BENGALURU: India’s Power Ministry proposes letting coal-fired power plants keep selling power after completing their agreements with buyers, a letter seen by Reuters shows, despite national promises to close old plants to curb pollution.
The proposal, if approved, would help old coal plants earn additional revenue, increase liquidity in short-term power markets and help distribution companies in states facing a power deficit access cheaper power, the ministry said in the draft proposal dated Friday.
“It is in the consumer interest to keep the tariff of electricity as low as possible,” says the letter sent to power departments of India’s states and the heads of federal government-run utilities such as NTPC Ltd.
Such a move would enable federal-run electricity generators such as NTPC “to sell power in any mode” after distribution companies exit an agreement upon the completion of the tenure, the ministry said.
Power Minister R.K. Singh and Finance Minister Nirmala Sitharaman have previously said they plan to shut old coal-fired power plants. The Environment Ministry has also pushed for shutting down coal plants, which account for 80 percent of India’s industrial pollution, if they do not comply with green laws. The outcome remains unclear. The ministry has sought comments from the states and the heads of federal government-run power generators. A final decision on the proposal is not imminent.
A senior ministry official said on Sunday only inefficient plants would be shut down.
“Cost-effective utilities that provide cheap power will still be allowed to operate.
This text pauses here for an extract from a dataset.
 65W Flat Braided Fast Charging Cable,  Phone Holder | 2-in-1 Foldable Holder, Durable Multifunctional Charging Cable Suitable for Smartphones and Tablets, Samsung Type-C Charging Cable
Small, inefficient plants will be shut down,” the official said.
Distribution companies operated by states such as Punjab, Delhi, Andhra Pradesh and Odisha want to surrender power allocated by federal government-run utilities after the plants complete 25 years, the Power Ministry said.
The states cited reasons such as the availability of excess power and high cost of electricity as reasons for surrendering power allotted to them under the agreements.
A list compiled by the ministry in 2019 shows distribution companies wanted to surrender power generated from utilities with a capacity of 5.75 gigawatts.